> **Activity**
Only the lines from the one containing "Fsa FSA Flowtron" through the end of the listing belong in the answer, repeated exactly, with no pictures.

> **Given data**
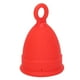 thumbnail image 5 of Silicone Menstrual Cup Reusable Menstrual Cup Soft Period Cup Silicone Menstrual Cup Women Soft Elastic Reusable Period Cup Female Body Care ToolRed S ANGGREK JG1411, 5 of 8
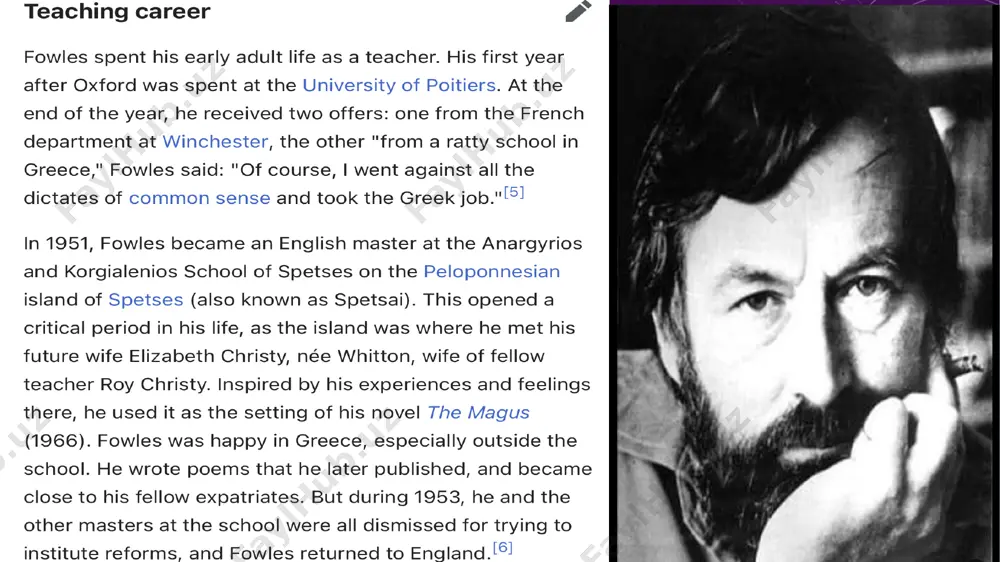 j fowles contribution to the development of noe – victorian novels - Page 5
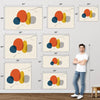 Beautiful Elephant Wall Painting for Living Room, Bedroom, Office, Hotels, Drawing Room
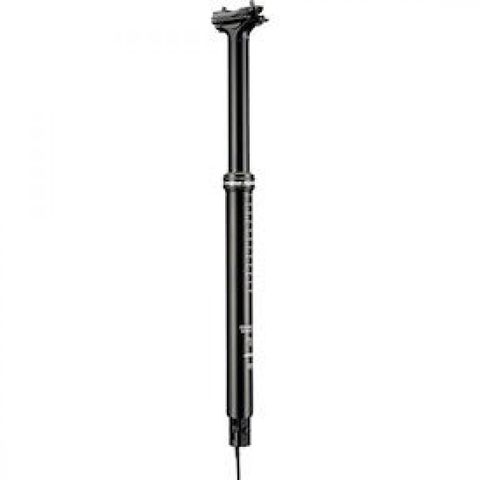 Fsa FSA Flowtron MTB Vario-Sattelstütze Ø 31,6 x 421 mm - 125 mm Hub mit Remote-Hebel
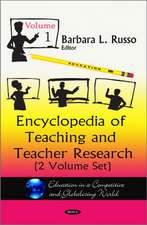 Encyclopedia of Teaching & Teacher Research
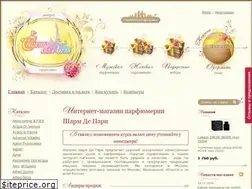 Sites similar to charmedeparis.ru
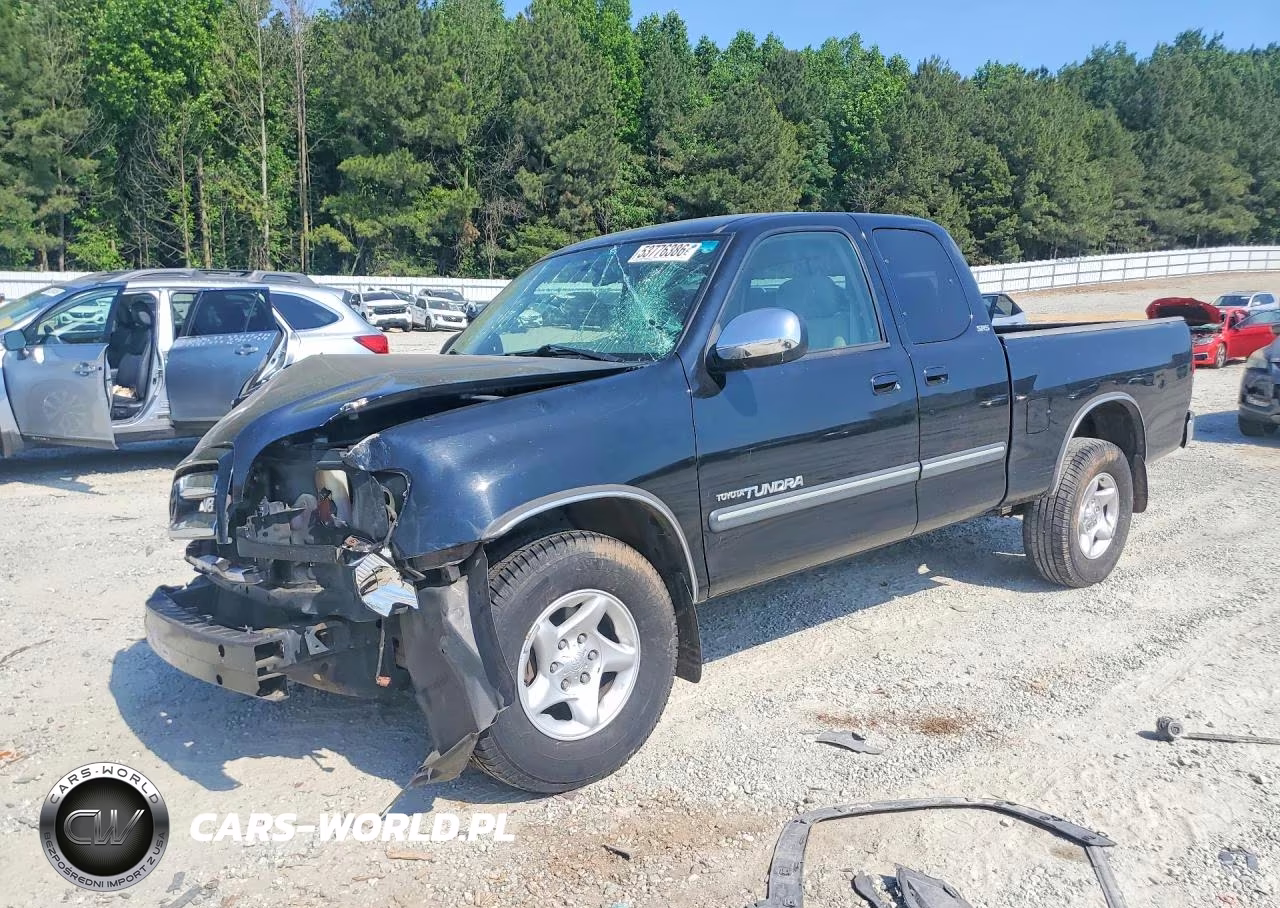 2003 Toyota Tundra Access Cab Sr5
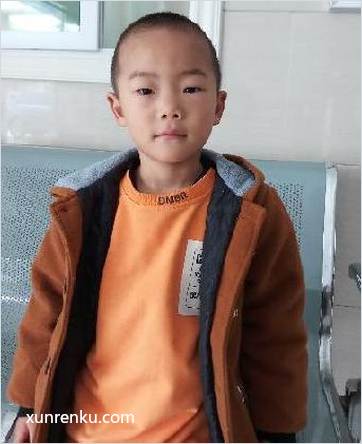 失踪人4岁(目测) 男 黎洛豪 发色：黑 在重庆市忠县救助管理站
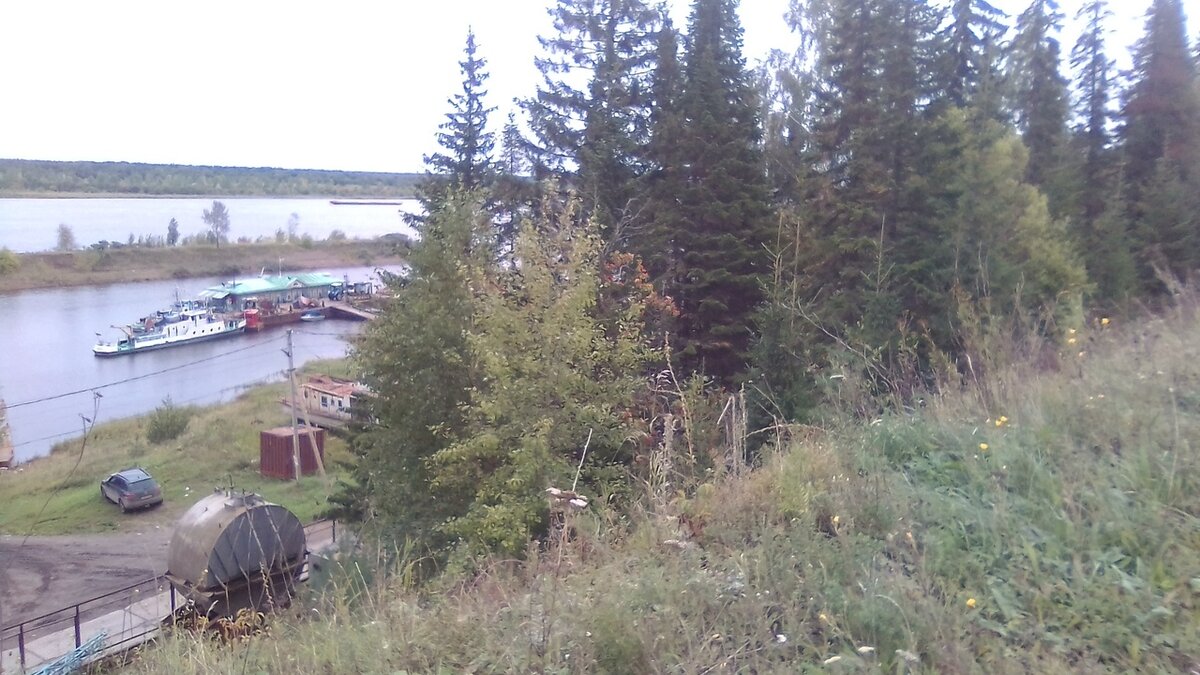 Вид на реку Кама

> **Answer section**
 Fsa FSA Flowtron MTB Vario-Sattelstütze Ø 31,6 x 421 mm - 125 mm Hub mit Remote-Hebel
 Encyclopedia of Teaching & Teacher Research
 Sites similar to charmedeparis.ru
 2003 Toyota Tundra Access Cab Sr5
 失踪人4岁(目测) 男 黎洛豪 发色：黑 在重庆市忠县救助管理站
 Вид на реку Кама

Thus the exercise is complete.